Many of the same elements — power struggles, ideological and identity conflicts, and proxy wars — are present today. The main difference is that the 2012 version of the Arab cold war does not array revolutionary republics on one side. Over time, the radical republics of the 1950s and 1960s became deep-seated authoritarian states, neither revolutionary nor particularly republican. Many of them have now experienced actual national revolutions, as opposed to the military coups of past decades that tended to be cast as “revolutions.” On the other hand, the greatest similarity to the earlier cold war is the mobilization of conservative monarchies attempting to block another wave of change across the Arab regional system.

As the monarchical regimes increasingly cooperate in self-defense, the question is: Against what? Until the 2011 uprisings, the answer seemed to be the non-Arab threat of Iran. Many Arab regimes were concerned not only with Iranian power, but also with Iranian influence and interference in Arab politics. Arab conflicts from Iraq to Lebanon were viewed increasingly in both power politics and sectarian terms: as proxy battles between Saudi- and Iranian-led blocs in the regional balance of power and also as struggles between Sunni and Shi‘i alliances in the greater Middle East.

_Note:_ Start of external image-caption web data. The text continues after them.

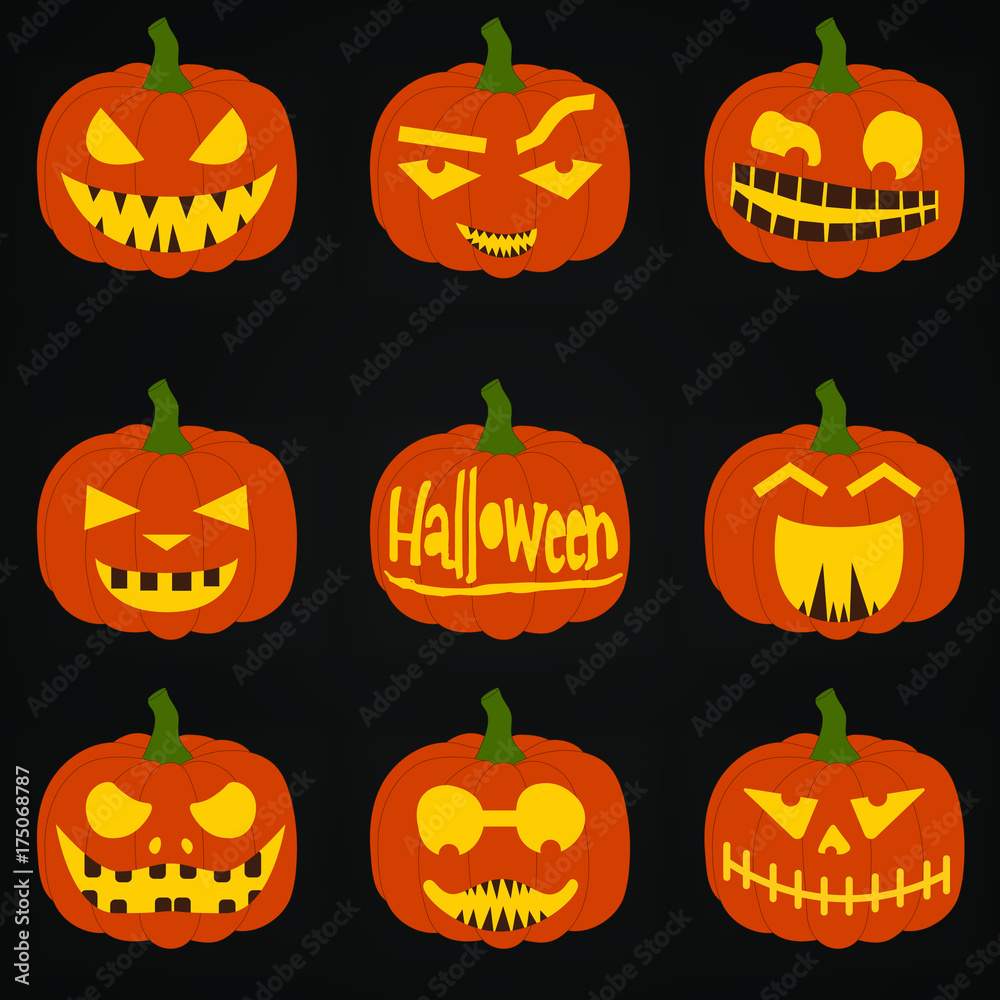 9 pumkin black backgraund 9 pumkin black backgraund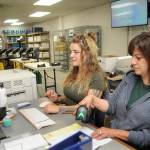 Photo by Keith Thorpe/Olympic Peninsula News Group / Clallam County Elections Assistant Aspen Smith, left, and Elections Manager Susan Johnson examine contested ballots on Aug. 2 at the Clallam County Courthouse.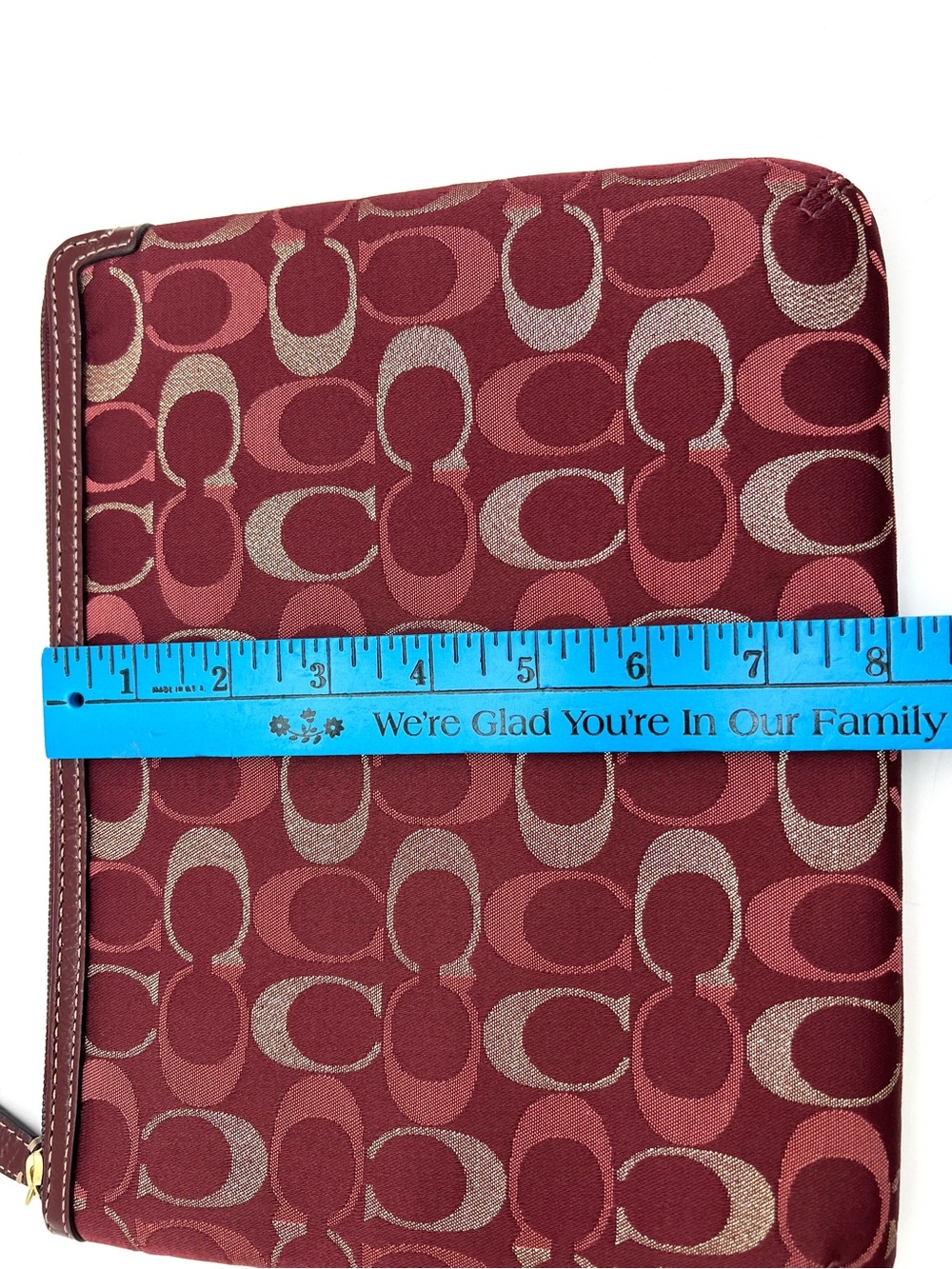 Coach Burgundy Signature Jacquard Padded iPad Tablet Sleeve - Picture 12 of 13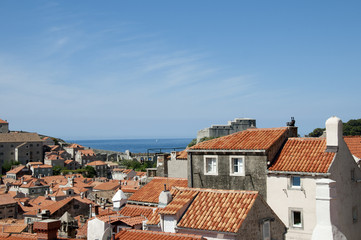 Obraz premium Rooftops in Walled City of Dubrovnic Croatia
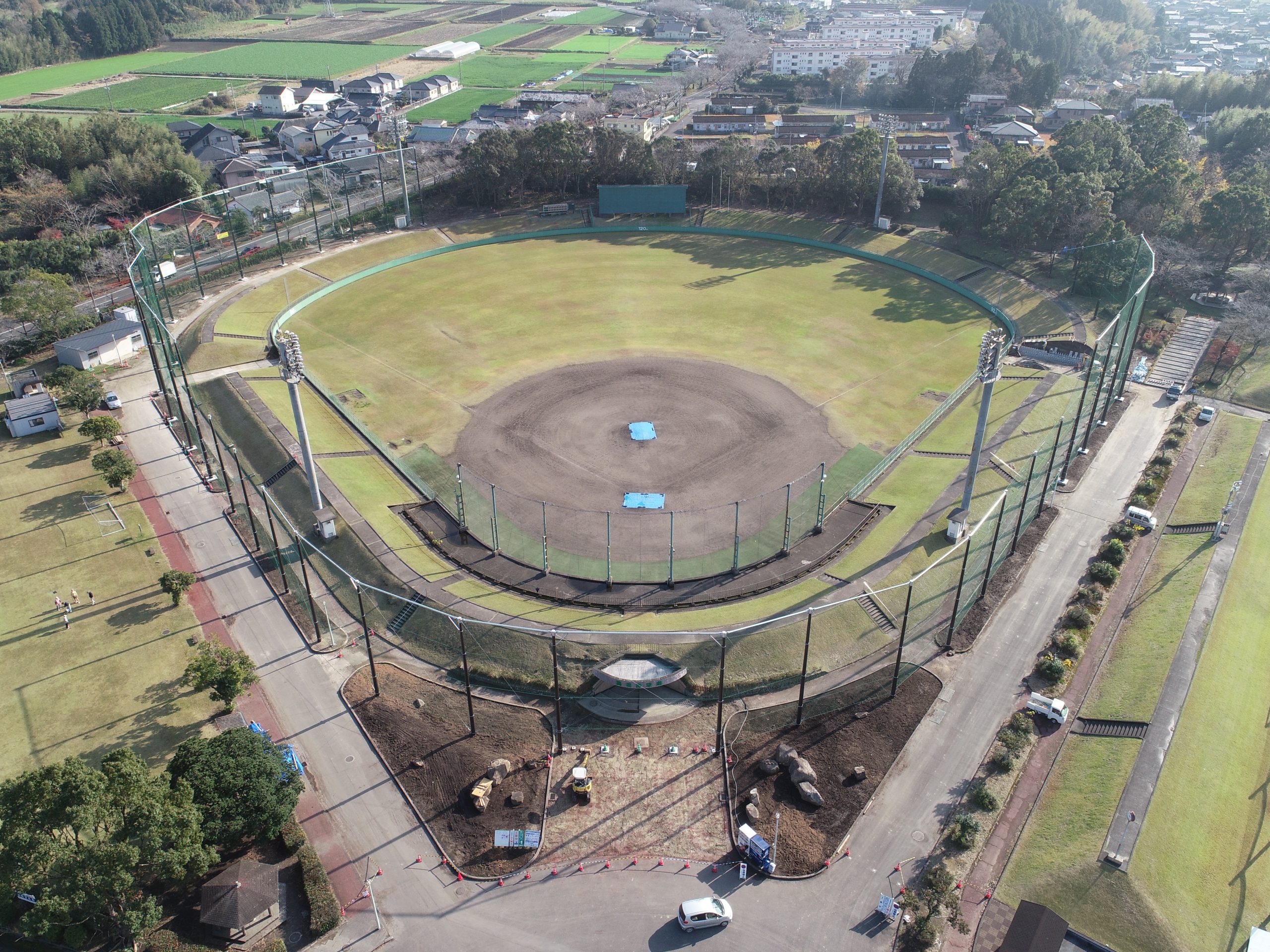 高城運動公園 宮崎県 グランド防球の施工事例 大日エンジニアリング株式会社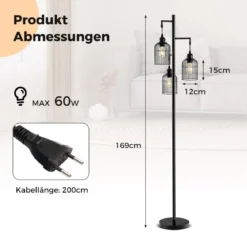 Moderne Stehlampe 169 cm industrielle Standleuchte mit 3 Lampenschirmen Fußschalter 25 x 169 cm Schwarz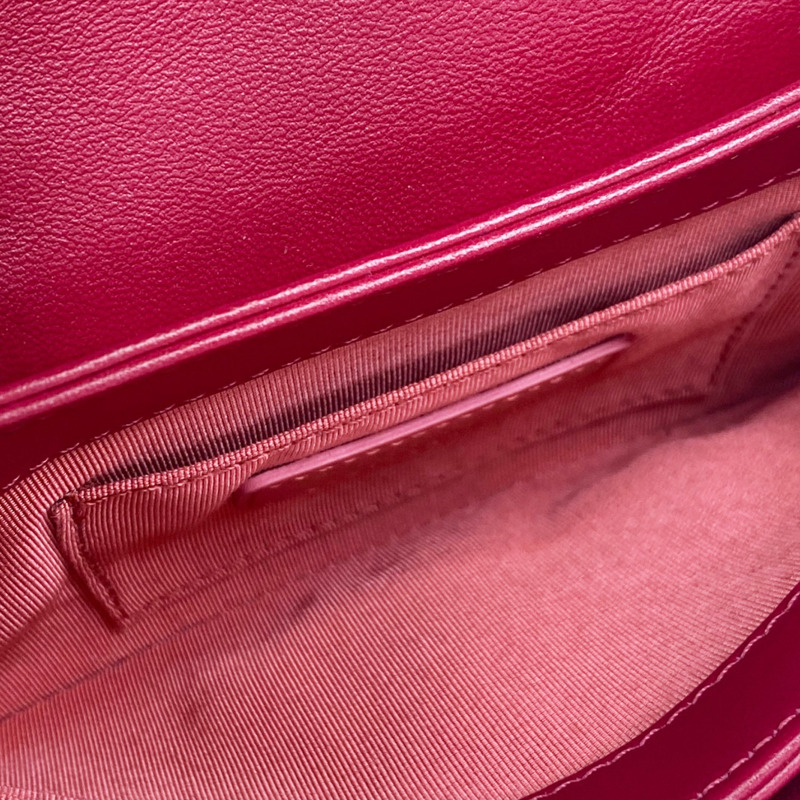 紅色 天鵝絨 玫瑰花圖案 肩背包 金釦 (無卡)【CHANEL 香奈兒】-2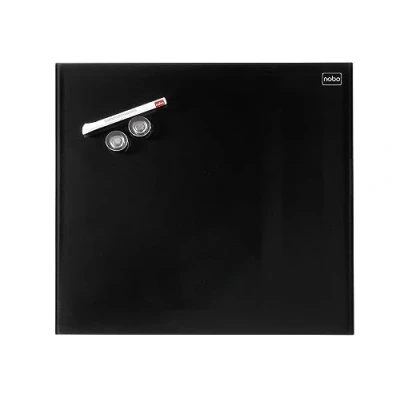 Image de Nobo Petit Tableau Blanc Mural Carré, Surface Magnétique en Verre Effaçable à Sec, Sans Cadre, Fixations Invisibles, 300 x mm, Feutre Marqueur et Aimants Inclus, Noir, 1903950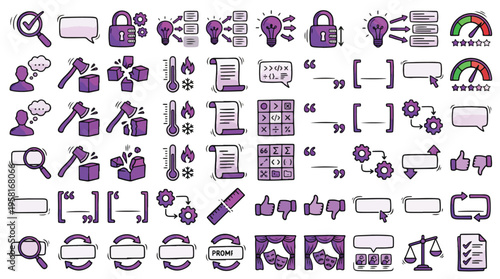 Prompt Engineering AI Icons Set in Doodle Style. A collection of AI Linear Icons, Including search, lock, idea, data, coding, logic, scroll, code, quote, bracket, gear, scale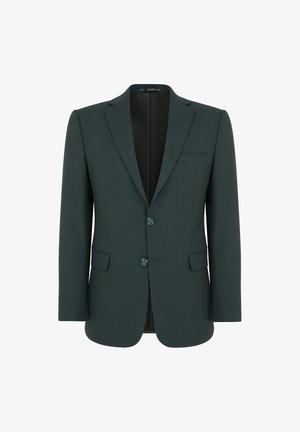 Ciemnozielony żakiet wykonany z fakturowanej tkaniny. Posiada klapy w kształcie litery V, zapięcie na dwa guziki oraz kieszeń na piersi. Slim fit.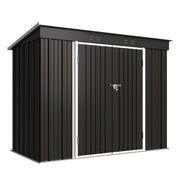 Garden Shed Pent Roof 4X8FT Metal Free Foundation Base Storage House Anthracite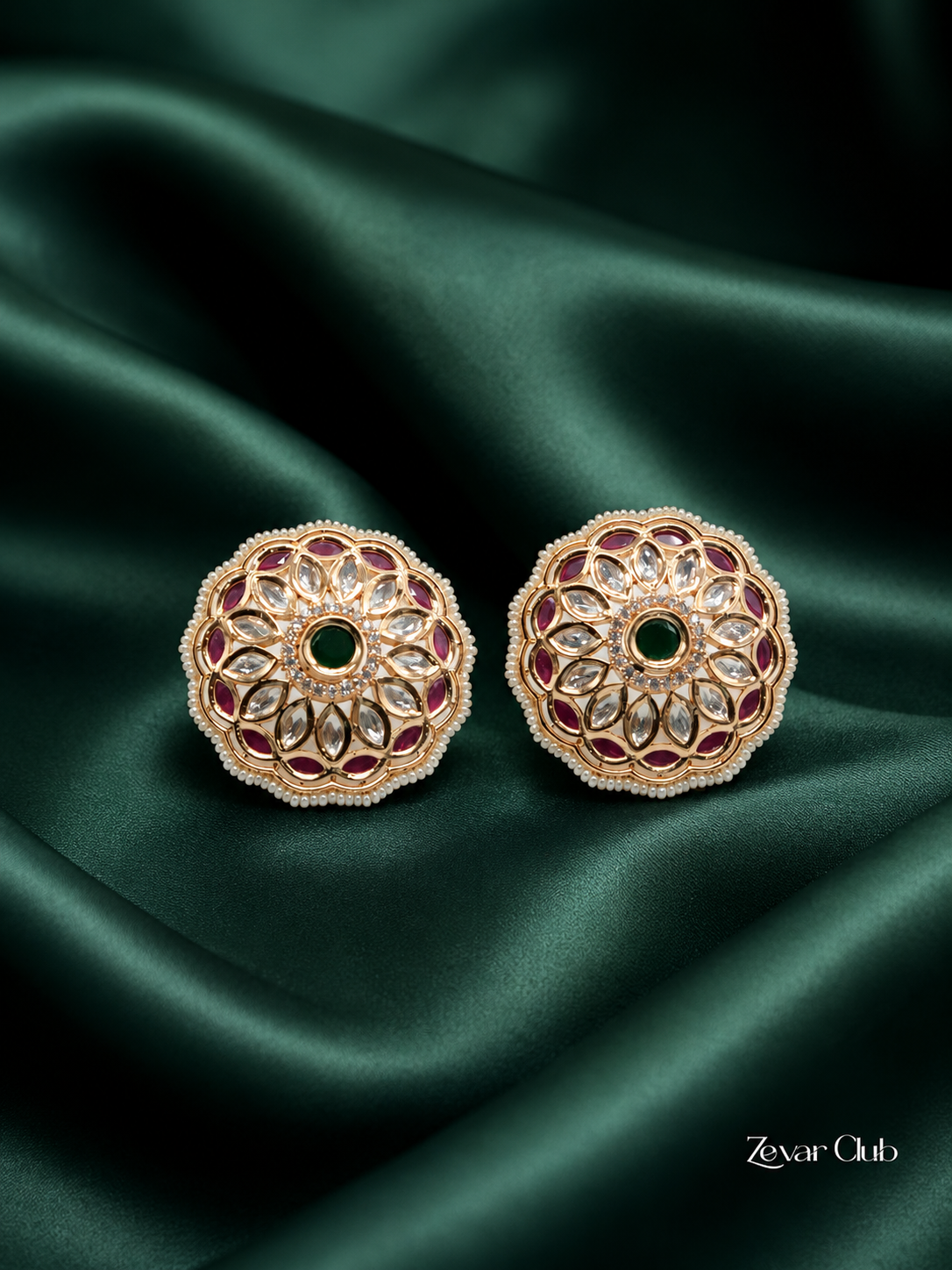 Zevar Club Fine Pearl Kundan Statement Studs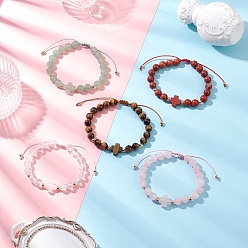 Смешанные камни Женские плетеные браслеты из бусин из натуральных смешанных драгоценных камней, круглый и крест, внутренний диаметр: 2~3-1/2 дюйм (5.2~9 см)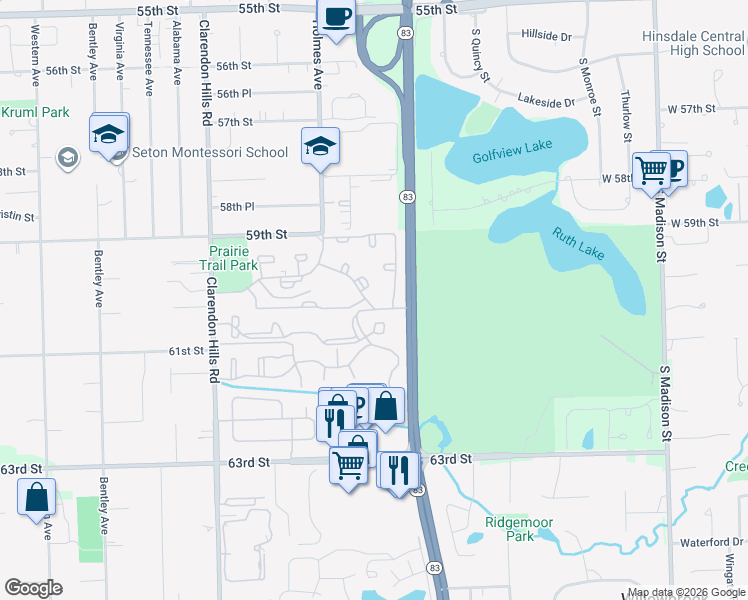 map of restaurants, bars, coffee shops, grocery stores, and more near 6060 Laurel Lane in Willowbrook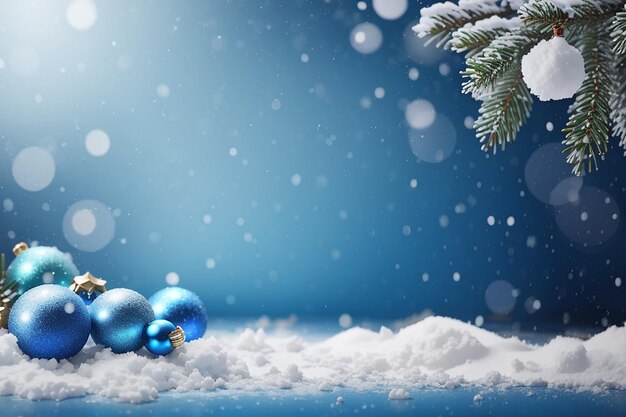 Fondo azul de Navidad con nieve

The first signs of the new Arab cold war predate the Arab uprisings of 2011-2012, and became especially clear during the 2006 war between Israel and Hizballah. [2] Some Arab states chose to view this Arab-Israeli war, unlike all previous ones, in sectarian terms. While Arab states did not support Israel in the conflict, few rose to the defense, even verbally, of the Iranian-backed Shi‘i organization in Lebanon. Yet the 2006 conflict signaled another key shift that was perhaps a harbinger of events in 2011: the clear rift in many Arab countries between state and society. Arab governments (aside from Syria) may not have supported Hizballah, but many Arab publics did. Arab street demonstrations made the link to the earlier Arab cold war period, with placards comparing Nasser in 1956 to Hizballah leader Hasan Nasrallah in 2006. But as André Bank and Morten Valbjørn have noted, this comparison only underscored the differences between the two eras. Nasser was a head of state, with a secular, avowedly socialist approach to pan-Arabism. Nasrallah is head of a mass movement with an Islamist approach to Arabism and Arab identity. Bank and Valbjørn argue further that the differences make clear the shift in the meaning of pan-Arabism itself, from an ideology of struggle used by secular states to a “new societal Islamic Political Arabism.” In their formulation:

A societal Political Arabism rising from an Arab-Islamic public rather than a state-led Pan-Arabism constitutes a dominant frame of reference in Middle East regional politics today. Societal actors, not upstart republics, now represent the challenge to the regional status quo. The rivalry is also no longer primarily an inter-state competition, but a cold war between Arab regimes and societal actors led by Islamists with considerable popular support and subscribing to a popularly driven Islamic Political Arabism. [3]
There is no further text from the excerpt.